The model has 12,615,682 trainable parameters


# Training and Evaluation

In [22]:
from typing import Tuple
def train_and_validate(model, criterion, optimizer, train_loader, val_loader, num_epochs: int, device: torch.device) -> Tuple[dict, dict, dict, torch.nn.Module]:
    model.to(device)

    train_loss_history = {}
    val_loss_history = {}
    val_acc_history = {}
    train_acc_history = {}
    best_val_loss = float('inf')
    best_model = None

    for epoch in range(num_epochs):
        # Training loop
        model.train()
        running_loss = 0.0
        train_total=0
        train_correct=0
        for batch_idx, (inputs, targets) in enumerate(train_loader):
            inputs, targets = inputs.to(device), targets.to(device)

            # Forward pass
            outputs = model(inputs)
            loss = criterion(outputs, targets)

            # Backward pass
            optimizer.zero_grad()
            loss.backward()

            # Update model parameters
            optimizer.step()

            running_loss += loss.item()
            _, predicted = torch.max(outputs, 1)
            train_total += targets.size(0)
            train_correct += (predicted == targets).sum().item()

        # Validation loop
        model.eval()
        val_running_loss = 0.0
        correct = 0
        total = 0
        with torch.no_grad():
            for inputs, targets in val_loader:
                inputs, targets = inputs.to(device), targets.to(device)
                outputs = model(inputs)
                loss = criterion(outputs, targets)

                val_running_loss += loss.item()
                _, predicted = torch.max(outputs, 1)
                total += targets.size(0)
                correct += (predicted == targets).sum().item()
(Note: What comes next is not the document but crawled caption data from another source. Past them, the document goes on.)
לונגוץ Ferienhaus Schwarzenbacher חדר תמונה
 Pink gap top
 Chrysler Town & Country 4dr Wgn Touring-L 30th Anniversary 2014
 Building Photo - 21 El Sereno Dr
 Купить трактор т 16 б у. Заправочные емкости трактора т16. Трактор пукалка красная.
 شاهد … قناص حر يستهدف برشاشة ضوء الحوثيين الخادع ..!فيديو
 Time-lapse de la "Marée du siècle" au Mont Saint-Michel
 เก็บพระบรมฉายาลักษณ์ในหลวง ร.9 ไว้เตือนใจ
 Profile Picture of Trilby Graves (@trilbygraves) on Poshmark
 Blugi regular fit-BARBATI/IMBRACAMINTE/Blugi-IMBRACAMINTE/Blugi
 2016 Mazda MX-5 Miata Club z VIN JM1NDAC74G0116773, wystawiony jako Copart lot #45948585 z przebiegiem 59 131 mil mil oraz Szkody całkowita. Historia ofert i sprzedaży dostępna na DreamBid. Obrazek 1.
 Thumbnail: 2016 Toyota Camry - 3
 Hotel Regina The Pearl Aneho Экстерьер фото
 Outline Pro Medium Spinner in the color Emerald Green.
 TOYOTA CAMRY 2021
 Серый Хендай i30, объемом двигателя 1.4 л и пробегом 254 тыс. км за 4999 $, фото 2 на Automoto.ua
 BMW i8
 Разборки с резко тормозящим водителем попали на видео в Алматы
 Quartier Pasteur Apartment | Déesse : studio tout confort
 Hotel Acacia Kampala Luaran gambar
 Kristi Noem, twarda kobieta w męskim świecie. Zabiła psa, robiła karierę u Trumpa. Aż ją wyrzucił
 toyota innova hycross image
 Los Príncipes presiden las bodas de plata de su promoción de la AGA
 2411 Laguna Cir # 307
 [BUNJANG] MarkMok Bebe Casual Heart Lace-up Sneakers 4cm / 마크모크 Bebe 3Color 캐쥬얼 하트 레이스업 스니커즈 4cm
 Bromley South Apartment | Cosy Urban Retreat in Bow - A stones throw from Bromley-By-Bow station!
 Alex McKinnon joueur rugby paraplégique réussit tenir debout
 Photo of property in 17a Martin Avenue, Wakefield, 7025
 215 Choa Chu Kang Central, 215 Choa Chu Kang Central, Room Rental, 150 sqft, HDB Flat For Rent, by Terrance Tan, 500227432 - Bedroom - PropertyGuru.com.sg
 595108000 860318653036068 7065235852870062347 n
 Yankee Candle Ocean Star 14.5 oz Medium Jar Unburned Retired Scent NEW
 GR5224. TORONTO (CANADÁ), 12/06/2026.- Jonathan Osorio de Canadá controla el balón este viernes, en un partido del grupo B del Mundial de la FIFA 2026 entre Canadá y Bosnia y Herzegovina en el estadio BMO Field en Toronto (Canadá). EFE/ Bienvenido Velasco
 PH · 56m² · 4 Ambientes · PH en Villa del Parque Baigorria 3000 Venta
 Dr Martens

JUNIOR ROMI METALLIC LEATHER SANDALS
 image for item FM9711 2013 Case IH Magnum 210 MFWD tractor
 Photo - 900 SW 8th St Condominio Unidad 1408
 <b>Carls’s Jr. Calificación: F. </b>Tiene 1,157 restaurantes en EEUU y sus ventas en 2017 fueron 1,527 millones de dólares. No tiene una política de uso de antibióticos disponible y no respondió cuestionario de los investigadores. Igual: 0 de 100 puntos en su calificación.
        # Calculate average losses and accuracy
        train_loss = running_loss / len(train_loader)
        val_loss = val_running_loss / len(val_loader)
        val_acc = correct / total
        train_acc = train_correct/train_total

        # Save losses and accuracy to history
        train_loss_history[epoch] = train_loss
        train_acc_history[epoch] = train_acc
        val_loss_history[epoch] = val_loss
        val_acc_history[epoch] = val_acc

        # Check if current model is better than previous best model
        if val_loss < best_val_loss:
            best_val_loss = val_loss
            best_model = model.state_dict()

        print(f'Epoch {epoch + 1}/{num_epochs}, '
              f'Train Loss: {train_loss:.4f},Train Acc: {train_acc:.4f}, Val Loss: {val_loss:.4f}, Val Acc: {val_acc:.4f}')

    return train_loss_history, val_loss_history, val_acc_history, best_model


In [29]:
def evaluate(model, criterion, data_loader, device):
    model.eval()
    total_loss = 0.0
    total_correct = 0
    total_samples = 0

    with torch.no_grad():
        for inputs, labels in data_loader:
            inputs = inputs.to(device)
            labels = labels.to(device)
            outputs = model(inputs)
            loss = criterion(outputs, labels)
            total_loss += loss.item() * inputs.size(0)
            preds = torch.argmax(outputs, dim=1)
            total_correct += torch.sum(preds == labels).item()
            total_samples += inputs.size(0)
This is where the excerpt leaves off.